# GCN Fraud Detection - Kaggle GPU Training

This notebook trains a GCN model on the Elliptic++ dataset for Bitcoin fraud detection.

**Requirements:**
- GPU enabled (Settings → Accelerator → GPU T4 x2)
- Elliptic dataset linked (Add Data → elliptic-fraud-detection)

**Expected Runtime:** ~10-15 minutes

## 1. Install Dependencies

In [None]:
!pip install torch-geometric -q
print("✓ Dependencies installed")

## 2. Imports & Setup

In [None]:
import os
import json
import random
import numpy as np
import pandas as pd
import matplotlib.pyplot as plt
import seaborn as sns

import torch
import torch.nn as nn
import torch.nn.functional as F
from torch_geometric.nn import GCNConv

from sklearn.metrics import (
    average_precision_score,
    roc_auc_score,
    f1_score,
    precision_recall_curve,
    roc_curve
)

# Set style
sns.set_style('whitegrid')

print(f"✓ PyTorch version: {torch.__version__}")
print(f"✓ CUDA available: {torch.cuda.is_available()}")
if torch.cuda.is_available():
    print(f"✓ GPU: {torch.cuda.get_device_name(0)}")

## 3. Set Seed for Reproducibility

In [None]:
def set_seed(seed=42):
    random.seed(seed)
    np.random.seed(seed)
    torch.manual_seed(seed)
    torch.cuda.manual_seed_all(seed)
    torch.backends.cudnn.deterministic = True
    torch.backends.cudnn.benchmark = False

set_seed(42)
print("✓ Seed set to 42")

## 4. Load Dataset

In [None]:
# Dataset path (adjust if needed)
DATA_PATH = '/kaggle/input/elliptic-fraud-detection/'

print("Loading Elliptic++ dataset...")

# Load CSVs
features_df = pd.read_csv(DATA_PATH + 'txs_features.csv')
classes_df = pd.read_csv(DATA_PATH + 'txs_classes.csv')
edges_df = pd.read_csv(DATA_PATH + 'txs_edgelist.csv')

print(f"✓ Features: {features_df.shape}")
print(f"✓ Classes: {classes_df.shape}")
print(f"✓ Edges: {edges_df.shape}")

## 5. Process Data

In [None]:
# Merge features and classes
data_df = features_df.merge(classes_df, on='txId', how='left')
data_df['class'] = data_df['class'].fillna(3).astype(int)

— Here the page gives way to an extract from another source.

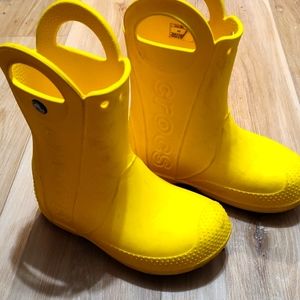 Crocs Yellow Rain Boots size 12 youth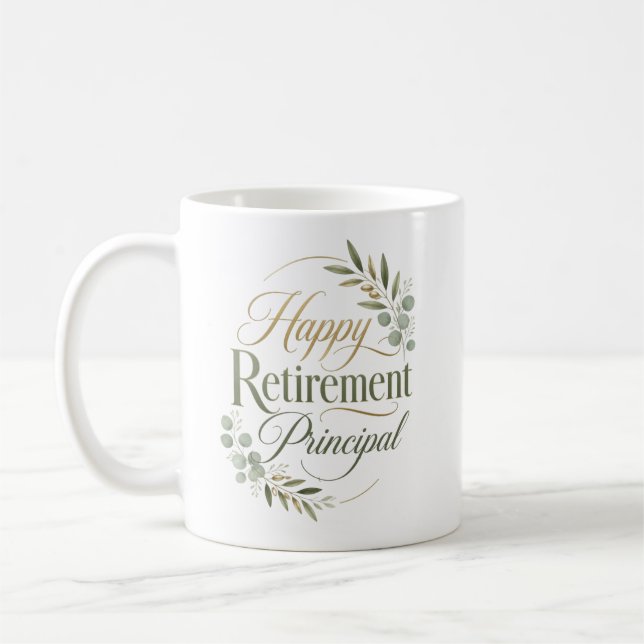 Caneca De Café Presente de Aposentadoria para Diretor(a) Feliz (Esquerda)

print(f"Total transactions: {len(data_df):,}")
print(f"Fraud (class=1): {(data_df['class'] == 1).sum():,}")
print(f"Legitimate (class=2): {(data_df['class'] == 2).sum():,}")
print(f"Unlabeled (class=3): {(data_df['class'] == 3).sum():,}")

# Extract features
feature_cols = [col for col in data_df.columns if col not in ['txId', 'Time step', 'class']]
x = torch.FloatTensor(data_df[feature_cols].values)

# Normalize features
x = (x - x.mean(dim=0)) / (x.std(dim=0) + 1e-8)

# Extract timestamps
timestamps = data_df['Time step'].values

# Convert labels: 1=fraud→1, 2=legit→0, 3=unlabeled→-1
y_raw = data_df['class'].values
y = np.where(y_raw == 1, 1, np.where(y_raw == 2, 0, -1))
y = torch.LongTensor(y)

print(f"\n✓ Features shape: {x.shape}")
print(f"✓ Labels shape: {y.shape}")

## 6. Build Graph

In [None]:
# Create tx_id to index mapping
tx_ids = data_df['txId'].values
tx_id_to_idx = {tx_id: idx for idx, tx_id in enumerate(tx_ids)}

# Build edge index
valid_edges = edges_df[
    edges_df['txId1'].isin(tx_id_to_idx) & 
    edges_df['txId2'].isin(tx_id_to_idx)
]

edge_src = valid_edges['txId1'].map(tx_id_to_idx).values
edge_dst = valid_edges['txId2'].map(tx_id_to_idx).values
edge_index = torch.LongTensor(np.vstack([edge_src, edge_dst]))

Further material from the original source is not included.